[[ RECORDS FOR THE TASK, beginning ]]
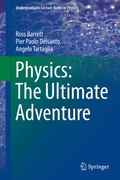 Cover: Physics: The Ultimate Adventure - Springer
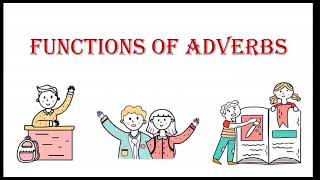 Functions of Adverbs [upl. by Kram585]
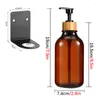 Vloeibare zeep dispenser douchefles badkamer decor shampoo body wash navulbare keukengerecht en handen container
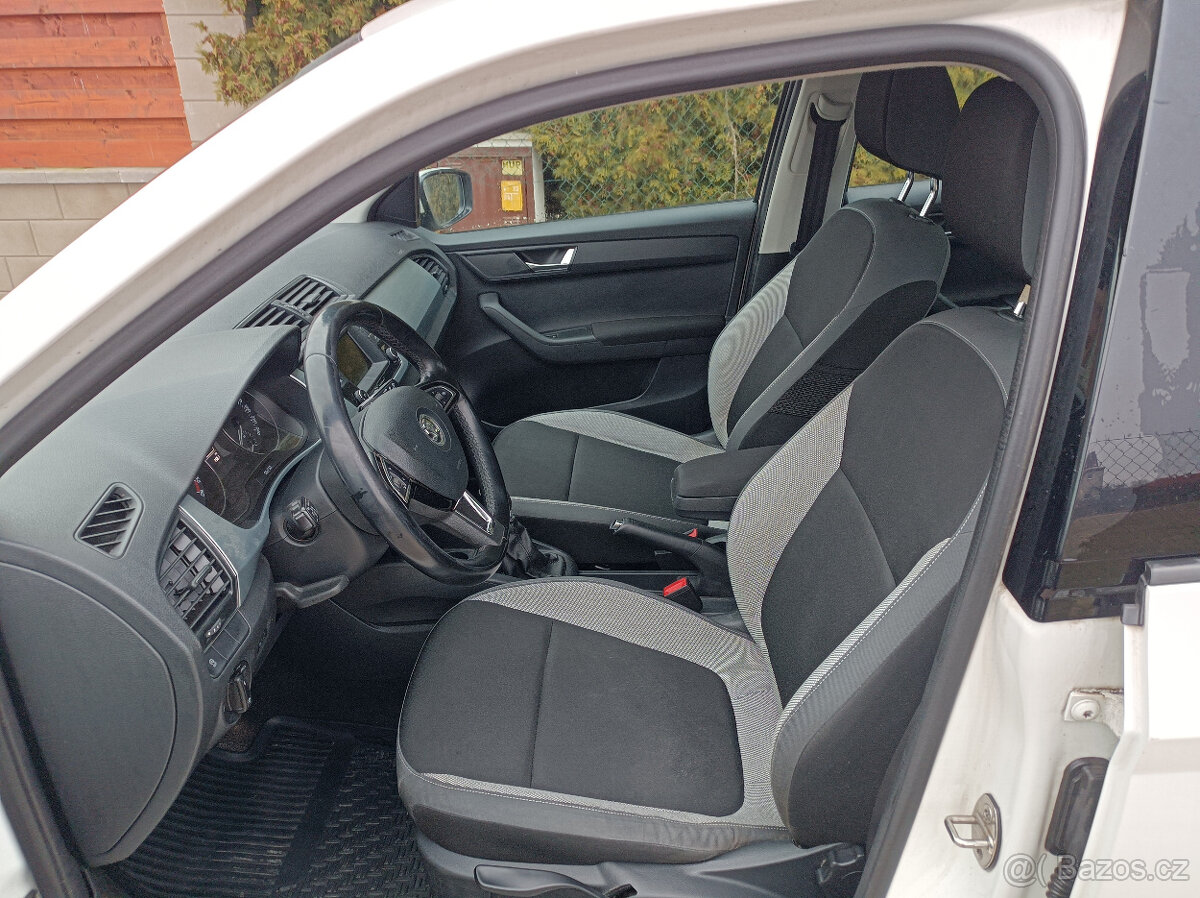 Škoda Fabia, 1.4 TDI-77kw,klima,r,2015 - 7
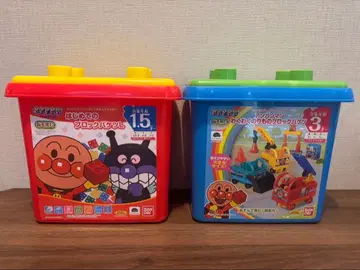 호빵맨 블록 바케츠 묶음 판매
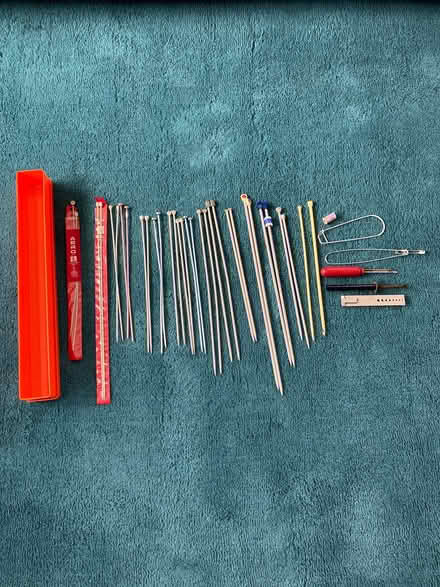 Photo of free Assorted knitting needles (Aston CH5) #1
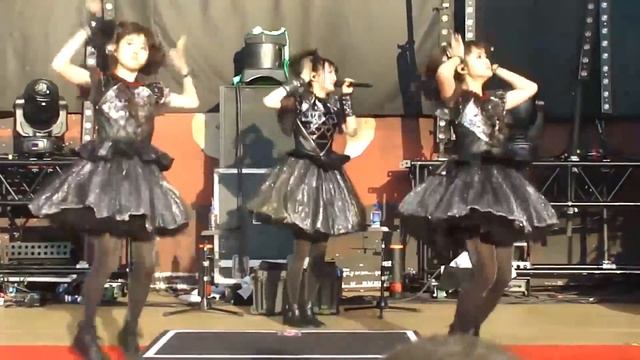 BabyMetal 2017 - YAVA! - Mountain View CA, Fancam Compilation смотреть онлайн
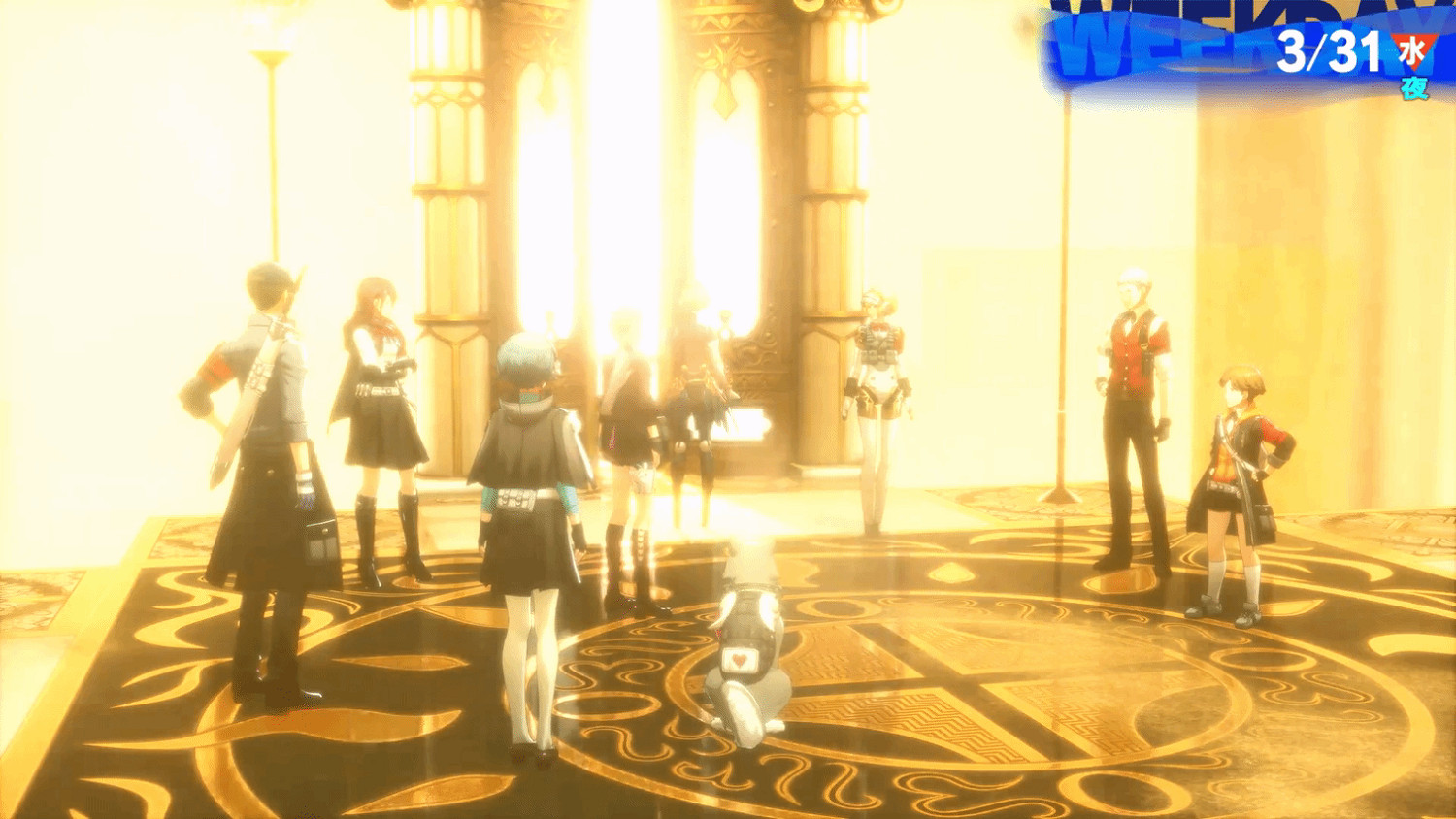 《女神異聞錄3：Reload》後日談DLC新戰鬥曲宣傳片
[[ RECORDS FOR THE TASK, end ]]
### WHAT THIS TASK INVOLVES
Please repeat every record above exactly, but leave out the pictures.

### ANSWER TO THIS TASK
 Cover: Physics: The Ultimate Adventure - Springer
 Functions of Adverbs [upl. by Kram585]
 Vloeibare zeep dispenser douchefles badkamer decor shampoo body wash navulbare keukengerecht en handen container
 Škoda Fabia, 1.4 TDI-77kw,klima,r,2015 - 7
 호빵맨 블록 바케츠 묶음 판매
 Photo of free Assorted knitting needles (Aston CH5) #1
 BabyMetal 2017 - YAVA! - Mountain View CA, Fancam Compilation смотреть онлайн
 《女神異聞錄3：Reload》後日談DLC新戰鬥曲宣傳片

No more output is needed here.